Solved

How would one write a set based query to replace a cursor to handle this situation?

Posted on 2013-12-17
9
417 Views
Last Modified: 2013-12-17
Given a flat file that looks like this:

AcctNum Date1 Value1 Date2 Value2 Date3 Value3 ...... through Value 13
This is a rolling data file supplied by a customer for the last 13 months of data. For example: in the August file Date1 would probably be something like 20130811, Date2 would be the previous month, 20130705, etc.

When we would get the September file, Date1 would be 20130915, Date2, 20130811, Date3 20130705. See the pattern?

What I am trying to do is create a small subset of Value records for each account/date.

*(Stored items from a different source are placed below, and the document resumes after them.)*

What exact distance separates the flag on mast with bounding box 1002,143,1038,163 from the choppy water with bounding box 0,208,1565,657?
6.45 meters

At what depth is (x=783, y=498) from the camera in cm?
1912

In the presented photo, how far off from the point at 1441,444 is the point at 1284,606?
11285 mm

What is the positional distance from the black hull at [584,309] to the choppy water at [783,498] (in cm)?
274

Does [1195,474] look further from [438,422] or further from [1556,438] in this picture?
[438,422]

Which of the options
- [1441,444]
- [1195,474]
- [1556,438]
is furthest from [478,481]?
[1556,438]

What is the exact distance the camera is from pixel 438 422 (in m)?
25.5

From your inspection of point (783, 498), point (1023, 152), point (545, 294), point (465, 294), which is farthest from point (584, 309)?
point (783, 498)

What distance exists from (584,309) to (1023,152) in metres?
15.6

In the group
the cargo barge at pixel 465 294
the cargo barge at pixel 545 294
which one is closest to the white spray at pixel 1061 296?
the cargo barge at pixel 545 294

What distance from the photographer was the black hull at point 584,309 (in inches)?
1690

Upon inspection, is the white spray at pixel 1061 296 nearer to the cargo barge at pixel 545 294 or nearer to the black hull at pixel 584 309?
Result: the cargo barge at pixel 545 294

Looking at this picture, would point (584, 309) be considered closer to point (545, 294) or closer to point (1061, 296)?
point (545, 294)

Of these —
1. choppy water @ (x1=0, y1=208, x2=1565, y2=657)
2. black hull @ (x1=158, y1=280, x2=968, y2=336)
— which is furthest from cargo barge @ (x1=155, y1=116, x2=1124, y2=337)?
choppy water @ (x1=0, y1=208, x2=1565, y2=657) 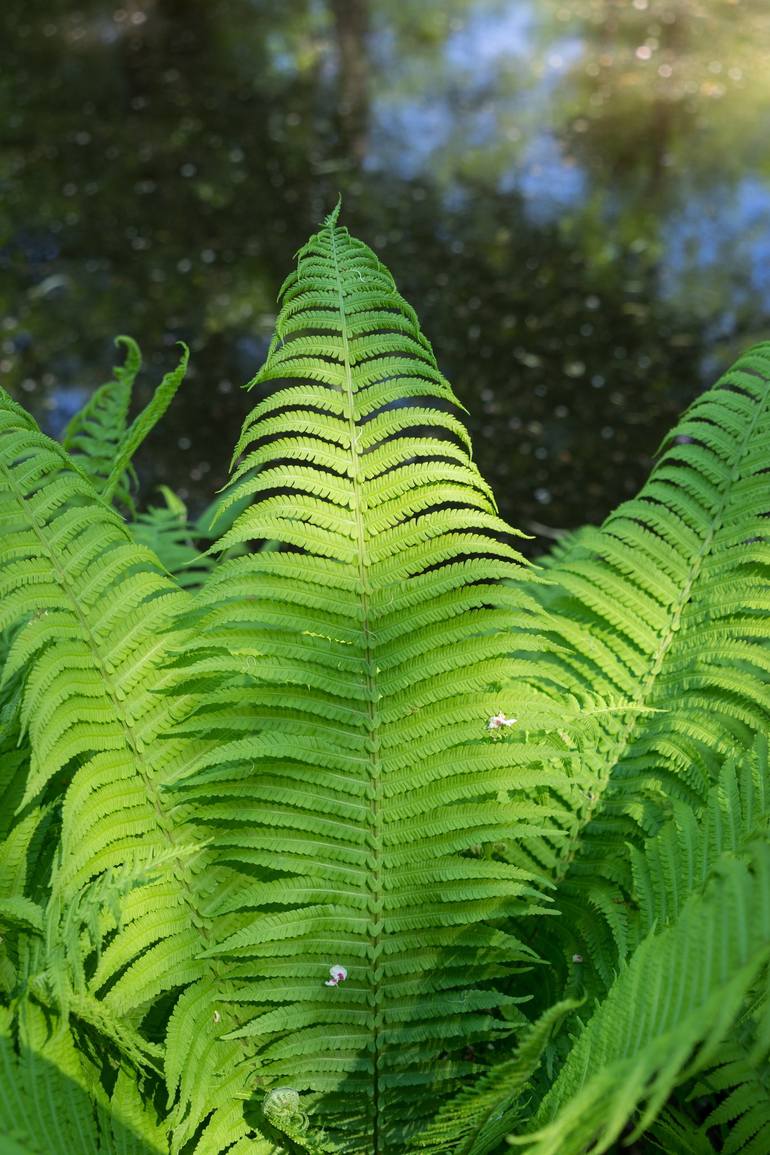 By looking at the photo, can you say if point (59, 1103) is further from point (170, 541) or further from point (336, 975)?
point (170, 541)

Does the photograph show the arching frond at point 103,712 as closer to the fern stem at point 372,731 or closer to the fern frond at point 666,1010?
the fern stem at point 372,731

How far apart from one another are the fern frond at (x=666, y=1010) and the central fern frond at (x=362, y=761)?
23 cm

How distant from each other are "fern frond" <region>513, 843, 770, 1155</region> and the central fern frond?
0.23 meters

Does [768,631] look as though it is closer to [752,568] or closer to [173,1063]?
[752,568]

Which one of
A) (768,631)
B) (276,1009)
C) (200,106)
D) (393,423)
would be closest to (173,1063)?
(276,1009)

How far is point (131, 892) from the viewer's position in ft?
4.04

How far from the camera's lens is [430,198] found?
16.5 feet

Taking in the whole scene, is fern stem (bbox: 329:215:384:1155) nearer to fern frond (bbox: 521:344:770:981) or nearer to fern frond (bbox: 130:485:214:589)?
fern frond (bbox: 521:344:770:981)

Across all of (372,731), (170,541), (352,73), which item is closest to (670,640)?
(372,731)

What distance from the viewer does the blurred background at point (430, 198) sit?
13.0ft

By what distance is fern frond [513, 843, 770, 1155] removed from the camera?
75 cm

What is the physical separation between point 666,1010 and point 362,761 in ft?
1.59

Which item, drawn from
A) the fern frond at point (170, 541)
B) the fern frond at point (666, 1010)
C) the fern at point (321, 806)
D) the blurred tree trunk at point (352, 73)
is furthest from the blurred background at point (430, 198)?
the fern frond at point (666, 1010)

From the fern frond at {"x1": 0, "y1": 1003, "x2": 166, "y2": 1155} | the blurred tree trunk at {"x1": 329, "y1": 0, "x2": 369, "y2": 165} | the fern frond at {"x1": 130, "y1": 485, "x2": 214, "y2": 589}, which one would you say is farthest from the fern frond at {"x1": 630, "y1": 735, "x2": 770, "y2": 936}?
the blurred tree trunk at {"x1": 329, "y1": 0, "x2": 369, "y2": 165} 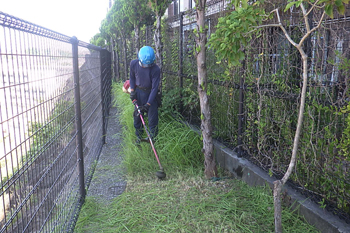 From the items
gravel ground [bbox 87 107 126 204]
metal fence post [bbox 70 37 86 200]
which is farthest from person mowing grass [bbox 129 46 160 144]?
metal fence post [bbox 70 37 86 200]

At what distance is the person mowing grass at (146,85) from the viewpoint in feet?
19.5

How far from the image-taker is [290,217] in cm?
352

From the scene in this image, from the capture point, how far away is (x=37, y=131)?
239 centimetres

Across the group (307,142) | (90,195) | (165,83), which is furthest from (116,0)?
(307,142)

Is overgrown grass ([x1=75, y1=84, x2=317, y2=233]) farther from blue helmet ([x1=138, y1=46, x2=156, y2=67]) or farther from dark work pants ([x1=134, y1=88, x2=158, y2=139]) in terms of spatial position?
blue helmet ([x1=138, y1=46, x2=156, y2=67])

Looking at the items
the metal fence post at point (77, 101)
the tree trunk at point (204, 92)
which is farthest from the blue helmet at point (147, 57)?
the metal fence post at point (77, 101)

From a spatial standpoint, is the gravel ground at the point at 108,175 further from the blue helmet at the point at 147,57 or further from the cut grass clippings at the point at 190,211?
the blue helmet at the point at 147,57

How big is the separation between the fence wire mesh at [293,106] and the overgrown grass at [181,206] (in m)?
0.44

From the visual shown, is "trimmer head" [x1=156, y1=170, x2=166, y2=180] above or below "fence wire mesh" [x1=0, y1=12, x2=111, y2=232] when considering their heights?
below

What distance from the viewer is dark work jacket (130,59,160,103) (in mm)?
6008

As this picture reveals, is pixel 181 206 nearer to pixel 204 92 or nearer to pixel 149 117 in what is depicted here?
pixel 204 92

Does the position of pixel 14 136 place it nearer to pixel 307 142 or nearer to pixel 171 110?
pixel 307 142

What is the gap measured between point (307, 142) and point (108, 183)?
9.15 feet

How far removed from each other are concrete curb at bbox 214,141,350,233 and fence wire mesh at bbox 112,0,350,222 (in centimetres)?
9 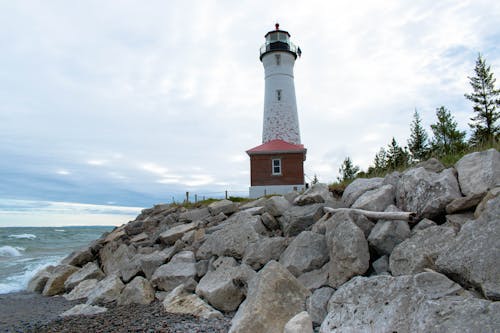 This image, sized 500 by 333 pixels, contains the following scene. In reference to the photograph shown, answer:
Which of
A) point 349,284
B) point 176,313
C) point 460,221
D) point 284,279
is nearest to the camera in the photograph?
point 349,284

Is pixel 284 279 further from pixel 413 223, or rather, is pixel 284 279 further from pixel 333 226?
pixel 413 223

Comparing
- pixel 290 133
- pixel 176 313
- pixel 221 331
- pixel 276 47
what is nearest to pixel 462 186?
pixel 221 331

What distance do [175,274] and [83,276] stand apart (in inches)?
175

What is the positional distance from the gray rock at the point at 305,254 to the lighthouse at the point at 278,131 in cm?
1509

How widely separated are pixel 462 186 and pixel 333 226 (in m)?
2.18

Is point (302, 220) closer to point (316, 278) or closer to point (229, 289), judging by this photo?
point (316, 278)

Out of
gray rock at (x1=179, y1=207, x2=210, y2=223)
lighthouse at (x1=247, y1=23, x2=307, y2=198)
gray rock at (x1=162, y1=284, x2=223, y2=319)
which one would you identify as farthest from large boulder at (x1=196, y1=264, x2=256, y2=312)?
lighthouse at (x1=247, y1=23, x2=307, y2=198)

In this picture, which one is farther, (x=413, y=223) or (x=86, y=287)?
(x=86, y=287)

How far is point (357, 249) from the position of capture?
536cm

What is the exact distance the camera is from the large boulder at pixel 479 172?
5.39m

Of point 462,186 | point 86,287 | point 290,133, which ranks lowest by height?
point 86,287

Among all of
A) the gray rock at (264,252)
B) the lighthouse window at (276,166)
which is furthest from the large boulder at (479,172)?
the lighthouse window at (276,166)

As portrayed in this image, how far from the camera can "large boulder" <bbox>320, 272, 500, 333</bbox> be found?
3256mm

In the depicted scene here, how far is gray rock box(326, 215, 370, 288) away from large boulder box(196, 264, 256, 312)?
1586 millimetres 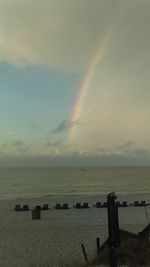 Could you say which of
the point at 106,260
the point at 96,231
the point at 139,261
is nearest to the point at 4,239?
the point at 96,231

Example : AcctNum: 0001, TransDate 201308, Value 5555 AcctNum: 0001, TransDate 201309, Value 6666

I've been able to do this with a cursor, going through each Date/Value pair from the input file (13 times per record), determining if the AcctNum/TransDate already exists in our subset, if not, insert it.

Needless to say, this is extremely slow and we have at least 750K records per month to process. Is there any way to handle this without using a cursor?

I'm trying to be as concise as possible, but let me know if I can clarify anything.

Thank you!

sql-server-2012
0
Comment
Question by:ITMikeK
[X]
Welcome to Experts Exchange

Add your voice to the tech community where 5M+ people just like you are talking about what matters.

  • Help others & share knowledge
  • Earn cash & points
  • Learn & ask questions
  • 5
  • 4
9 Comments
 
LVL 60

Expert Comment

by:Kevin Cross
ID: 39724125
Have you tried this using UNPIVOT, or another such approach like UNION SELECT AcctNum, DateX, ValueX?  Both avoid the cursor, so may reduce the overhead of the process.

P.S. How are you bringing in the flat file?  If it is via SSIS, you can use the unpivot transformation, so that the data is normalized in your staging table (before insert into production table).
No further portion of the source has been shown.